Quote Originally Posted by Rhabbi View Post
Good points on the precise use of time elements. The biggest frustration I have had with this story is that it wants to be longer. I had to trim it down and focus on basic elements. One thing I did discover, writing a AAR makes it very easy to write active voice. Instead of restructuring sentences I just delete passive verbs. That made things easier. Then the interview drifted into passive voice, but I though that was appropiate for it, and I guess you agreed. At least you did not comment about it.

As for the arrogance part, that is where I run into a problem. In oreder to develop the pirates arrogance I start to lose focus and drift into way to many words. Not saying it cannot be done, just that I am having difficulty with it.

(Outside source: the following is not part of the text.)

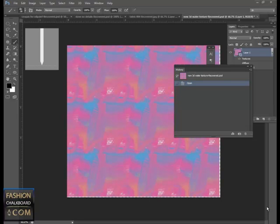Hi and welcome back to What's New in Photoshop CS6 Part 2. My name is Ludmilla Adams, creator of Fashion Chalkboard.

The way this story is looking, I see this as a chapter of a longer story. I will need and introduction to establish the legend of the Phoenix, and then move into this.
If it were me, I'd look at this as a last chapter and work the story back from there. You need to establish the story of how the Phoenix was lost. A bit of background on the present pirate problem, the story of the Howler's lost launch and the poor female prisoners might do. This could be developed to emphasize the growing and more general pirate problem, you might find an arch villain useful as well. Do these slavers only let the female prisoners live? Then work in the arrogance from both sides the pirates becoming bolder as their power grows and the Military relying on poor intel and refusing to take the problem seriously; sending good ships out to be slaughtered piecemeal.

You also need to establish a fantasy rule/reason that requires/allows/causes the ghost ship to intervene and prevent disaster. This should be hinted at in the beginning chapter that establishes the myth of the Phoenix and then threaded in throughout the rest of the story.

It would be a project... three chapters minimum maybe as much as five.